En las lenguas románicas, el español Dios, el italiano Dio, el francés Dieu, etc., provienen del latino Deus, y éste, al igual que el griego Theós y el sánscrito deva, se derivan de la raíz protoindoeuropea deiwos-diewos, que significa “brillo”, “resplandor”. La importancia del firmamento celeste es un rasgo característico de la cultura agraria: los humanos cazadores-recolectores miran a la tierra que les ofrece animales y frutos, mientras los agricultores-ganaderos miran sobre todo al cielo de donde les viene la luz y la lluvia. Dios es como el resplandor del cielo que ilumina la tierra y cuanto la habita. Todo viene de la luz o de la energía, nos dice la física en otro plano de lenguaje[14].
En las lenguas germánicas, el alemán Gott, el inglés God, etc., vienen de la forma participial ghuto de la raíz verbal indogermánica gheu, que significa “llamar”, “invocar”. “Dios” o los dioses serían, pues, seres a los que se invoca y llama, o el referente último de toda llamada. La raíz indogermánica gheu podría significar también “derramar”, “verter” (https://de.wikipedia.org/wiki/Gott], en cuyo caso “Dios” sería “aquello” a lo que se ofrecen libaciones de aceite, vino, leche, miel, agua…, los jugos mejores de la tierra. Pudiera ser que el griego Theós se derive igualmente de thyein, que significa derramar o verter.
En las lenguas eslavas, por fin (ruso, polaco, serbocroata…), Bog (“Dios”) proviene de la raíz indoirania bhag, que significa “riqueza”, “dador” (Bhaga es el dios védico de la riqueza y del matrimonios)[15].
7. Un primer balance: éxito provisional del teísmo
He ahí los dioses y las diosas, he ahí “Dios/a”. El ser humano, hijo de los australopitecos, primo hermano de los chimpancés, hecho –como todo lo que existe– de átomos formados de restos de antiquísimas estrellas extintas, polvo de estrellas organizado en un cerebro supercomplejo, dotado de capacidad simbólica –la extraña capacidad de imaginar lo que no existe, de intuir en los seres visibles el Misterio del Ser invisible, de transcender el presente–, “polvo de estrellas reflexionando sobre estrellas” (C. Sagan), imaginó unos seres superiores a él, creó a su creador, y se sometió a unas divinidades que ellos mismos crearon, en la esperanza de alcanzar la “salvación”, la paz del corazón, la armonía en la enredada maraña de tantos intereses personales y sociales contradictorios. ¿Lo conseguirá? ¿Las creencias y el culto de los dioses, los códigos sustentados en la voluntad divina y controlados por un estamento sagrado procurarán libertad, justicia, fraternidad a esta especie humana tan admirable y problemática, tan inacabada? ¿Encontrará el necesario consuelo? Es lo que esperaban.

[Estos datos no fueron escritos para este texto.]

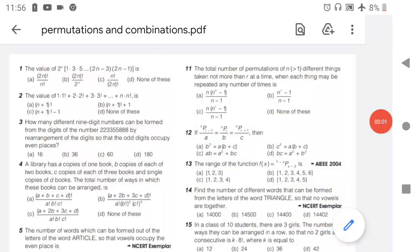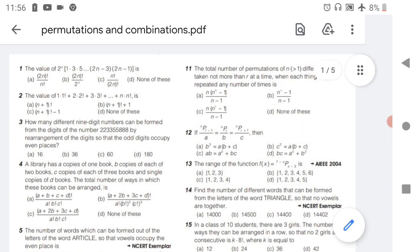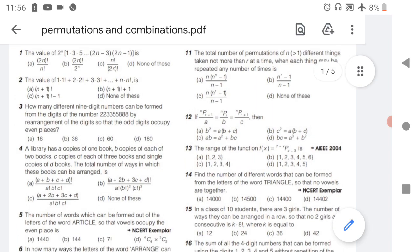Welcome to STA Academy. Today we cover an important topic: permutation and combination — the most important MCQs to help TS and AP students get good marks from this chapter. These MCQs are very important. We are also providing solutions; the link is given in the description. Click the link, download the PDF of questions as well as solutions, and practice those — it will definitely give you good marks from this chapter.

En cualquier caso, hay que reconocer que la construcción religiosa teísta respondió a unas circunstancias culturales, a la necesidad humana social de cohesión y armonía. Así sucede en la evolución de la vida en general, como Darwin tuvo el inmenso mérito de observar y formular: ninguna mutación o forma nueva sobrevive sino en la medida en que dispone de alguna ventaja adaptativa en el medio. Así también las religiones teístas: si surgieron fue porque, en su momento, respondían a una necesidad evolutiva de esta especie humana, y si prosperaron fue porque resultaron ventajosas, o porque no fueron capaces de impulsar ninguna solución mejor.

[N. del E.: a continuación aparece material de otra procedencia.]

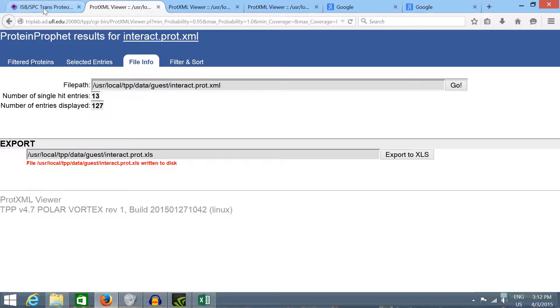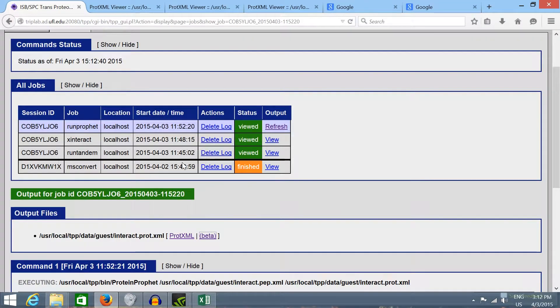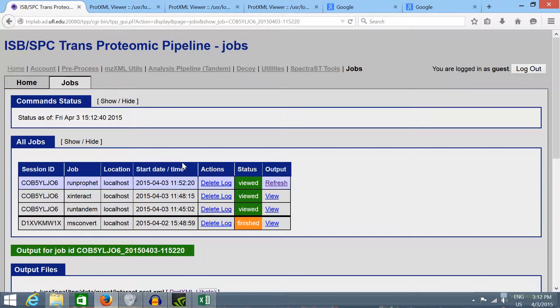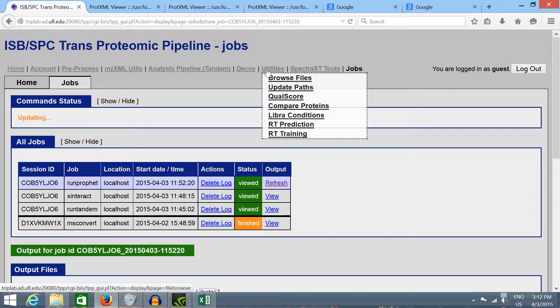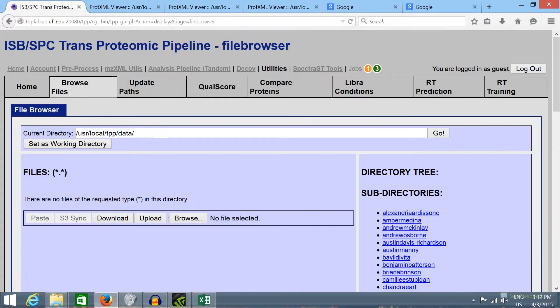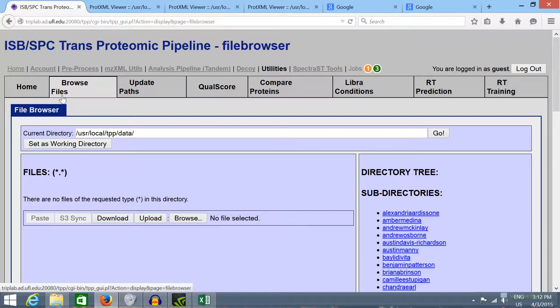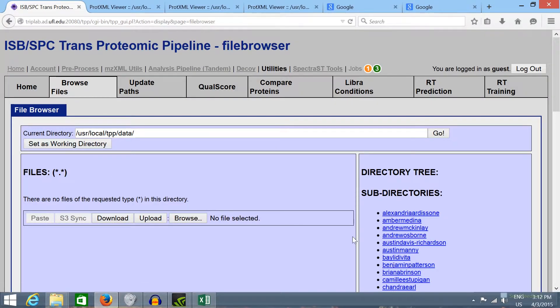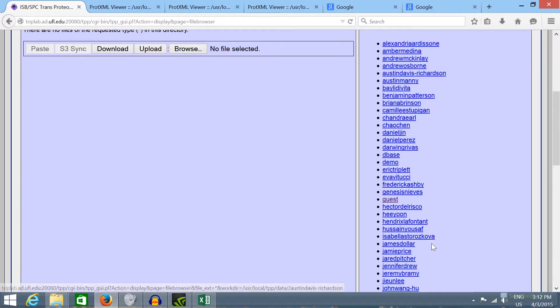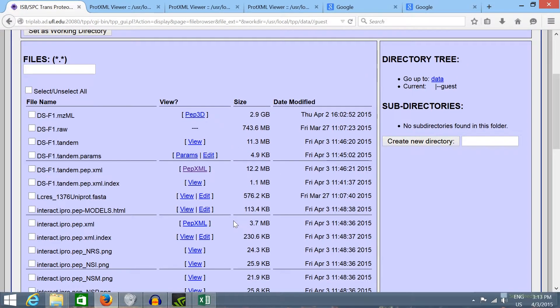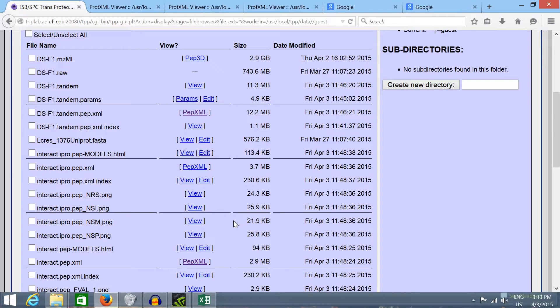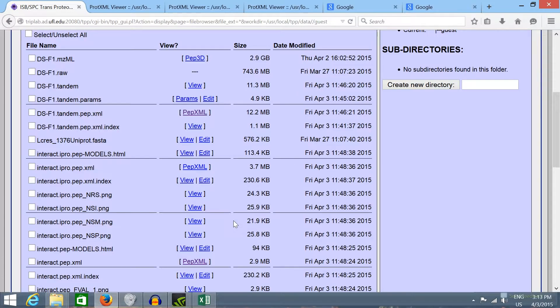We can use the file browser utility to download this exported Excel file. I'm going to click in utilities browse files. Here you have to select your user name. And I'm going to select the interact.prot.xls file.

Milenios más tarde, cuando los tiempos hayan llegado a ser más críticos que nunca y la paz y la supervivencia de todos estén en juego como nunca hasta entonces, los descendientes humanos acabarán por reconocer que la religión teísta, con sus dioses y diosas o con su único “Dios”, no es la solución a sus conflictos personales y grupales, porque la vieja cosmovisión ya no les resulta creíble. Y deberán buscar otra alternativa para que la humanidad pueda respirar, ser libre y fraterna, humana.
“Dios” nació en la edad de los metales, y en la edad de los nuevos metales (acero, silicio, litio, itrio, terbio, tulio, grafeno…), cuando el petróleo se esté agotando y la tecnociencia alcance cotas insospechadas de saber y de poder, “Dios” morirá. Y entonces tal vez se volverá a encontrar con Dios. Entonces, la humanidad, si quiere ser lo que es y vivir de verdad, deberá buscar una nueva manera de dejarse habitar más profundamente por el Aliento Vital, el espíritu universal que le anima en comunión con todos los seres. Ese entonces es ahora.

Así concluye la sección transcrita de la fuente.